Rhys took the low stool on the hearth and Luka knelt at his feet, wishing he could put his head in Rhys’s lap, have him loosen his braid and run fingers through his hair, soothe his troubles as he had so often in the past. Instead, he scooped the last of the stew into a wooden bowl and handed it to him along with a spoon.
“Why have you come?” he asked, watching Rhys eat as if ravenous, wishing he had more to offer. He’d make an extra loaf of bread in the morning and perhaps find some winter berries in the snow for him…
Rhys motioned with the wooden spoon to the pile of books against the hearth. “Sir, do you not recognize your white knight, come to rescue you?”
Luka snorted at the old jest between them. “Perhaps I am the ogre under the bridge?”
Rhys shook his head and finished the bowl without answering. He set it purposefully aside and turned a grave face to Luka. Disconcerted, Luka flushed hotly under the scrutiny, and he sat cross-legged on the stones. The fire crackled, and he watched the sparks shoot up the chimney. Luka thanked the flames once again for their warmth, the cold of winter kept outside the snug walls of his cabin.
He heard the moment Rhys grew impatient. The creak of the stool as he shifted, his harshly drawn breath. “Aethan has returned to the forest. Does this not concern you at all? Why do you not flee? With your subtle power you could have a place in the prince’s court itself. Why do you tarry within Aethan’s reach?” Bewildered and angry, his distress vibrated in the air, and Luka quickly shut his mind to the wave of emotion battering his defenses. He would not look into Rhys’s heart.

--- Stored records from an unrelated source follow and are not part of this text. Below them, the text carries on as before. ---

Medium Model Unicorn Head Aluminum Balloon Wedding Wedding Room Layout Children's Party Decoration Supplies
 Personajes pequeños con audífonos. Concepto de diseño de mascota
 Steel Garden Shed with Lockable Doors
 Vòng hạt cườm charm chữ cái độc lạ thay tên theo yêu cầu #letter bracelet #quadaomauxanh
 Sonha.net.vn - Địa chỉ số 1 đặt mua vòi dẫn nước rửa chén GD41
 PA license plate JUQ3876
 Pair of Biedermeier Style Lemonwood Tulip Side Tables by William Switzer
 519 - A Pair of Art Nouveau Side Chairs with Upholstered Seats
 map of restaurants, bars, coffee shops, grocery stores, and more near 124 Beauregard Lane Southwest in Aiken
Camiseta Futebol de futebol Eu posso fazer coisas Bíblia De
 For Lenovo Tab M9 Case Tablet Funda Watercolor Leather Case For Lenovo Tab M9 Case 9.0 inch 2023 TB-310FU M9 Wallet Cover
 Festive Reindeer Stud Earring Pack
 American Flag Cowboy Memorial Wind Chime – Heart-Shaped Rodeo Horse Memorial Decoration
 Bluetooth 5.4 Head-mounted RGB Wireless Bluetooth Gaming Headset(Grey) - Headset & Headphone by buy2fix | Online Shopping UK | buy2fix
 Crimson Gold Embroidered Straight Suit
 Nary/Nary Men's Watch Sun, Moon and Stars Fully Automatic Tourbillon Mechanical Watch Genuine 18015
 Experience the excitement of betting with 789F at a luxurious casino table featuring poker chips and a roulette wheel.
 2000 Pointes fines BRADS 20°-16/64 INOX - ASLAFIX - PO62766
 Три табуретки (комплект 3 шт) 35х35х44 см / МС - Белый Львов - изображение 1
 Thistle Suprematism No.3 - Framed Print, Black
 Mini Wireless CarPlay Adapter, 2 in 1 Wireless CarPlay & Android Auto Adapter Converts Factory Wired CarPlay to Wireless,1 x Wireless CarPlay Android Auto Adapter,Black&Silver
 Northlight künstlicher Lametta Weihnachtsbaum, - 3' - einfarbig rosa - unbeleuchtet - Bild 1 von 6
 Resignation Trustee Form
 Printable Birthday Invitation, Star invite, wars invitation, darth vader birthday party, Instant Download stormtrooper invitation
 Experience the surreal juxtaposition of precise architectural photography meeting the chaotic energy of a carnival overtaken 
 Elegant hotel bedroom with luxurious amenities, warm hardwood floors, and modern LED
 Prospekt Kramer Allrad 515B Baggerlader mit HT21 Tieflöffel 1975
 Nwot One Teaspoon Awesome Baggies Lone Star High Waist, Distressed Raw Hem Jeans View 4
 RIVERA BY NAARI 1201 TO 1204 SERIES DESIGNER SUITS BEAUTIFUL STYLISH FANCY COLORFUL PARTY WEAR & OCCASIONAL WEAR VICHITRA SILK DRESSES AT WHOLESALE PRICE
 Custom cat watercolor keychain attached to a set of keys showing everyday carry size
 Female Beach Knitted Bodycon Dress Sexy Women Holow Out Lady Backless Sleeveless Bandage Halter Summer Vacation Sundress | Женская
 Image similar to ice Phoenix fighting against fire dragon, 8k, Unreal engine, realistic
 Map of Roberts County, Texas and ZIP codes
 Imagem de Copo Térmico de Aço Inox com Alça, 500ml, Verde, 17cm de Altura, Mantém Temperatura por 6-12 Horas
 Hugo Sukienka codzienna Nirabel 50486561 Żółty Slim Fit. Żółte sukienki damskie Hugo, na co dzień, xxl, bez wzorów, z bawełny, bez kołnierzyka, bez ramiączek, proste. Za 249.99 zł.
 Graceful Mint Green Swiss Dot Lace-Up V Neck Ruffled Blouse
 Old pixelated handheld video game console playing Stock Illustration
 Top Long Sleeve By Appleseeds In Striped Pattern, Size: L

He no longer had the right.
“I have felt his dark presence,” he admitted. “My concern is for you. I wished you far from here when he returned.”
Rhys clenched a hand. “Did you think I would abandon you to him? I was his slave, Luka! Endured his many cruelties. He would gladly see me dead. But you, my love, he will torment and torture until your mind breaks in exquisite pain—” Rhys bit off his heated words, controlling his fear. “He seeks the Well.”
“He will never find it,” Luka vowed, and felt the subtle shift in the world, bending to his will. Aethan was strong, frighteningly so, but Luka had far more to lose, something more precious than life to him.
Rhys watched him and a tender smile curled his lips. “I’m tired, Luka. Do you have a cot for me? Though I would prefer the warmth of your bed.”
Luka blinked, torn. Rhys gave him no chance to answer, leaning forward to press kisses to his cheeks, the eyelids he closed in surrender. Their lips brushed, but then Rhys pulled back, drawing a moan from him.
“No. I think not. Not tonight.” His calculating expression in the flickering firelight smote Luka’s heart. “I believe blankets here on the hearth would be best.”
Luka inclined his head, accepting that Rhys had yet to forgive him. He dragged his own mat of twigs and sweet grasses to the fire, laying out the thick comforter of goose down he’d made that spring. Rhys murmured a goodnight and settled into bed. Intensely conscious of him, Luka added wood to the fire, then took a blanket and his troubled heart across the hearth. Rhys had returned. That was enough.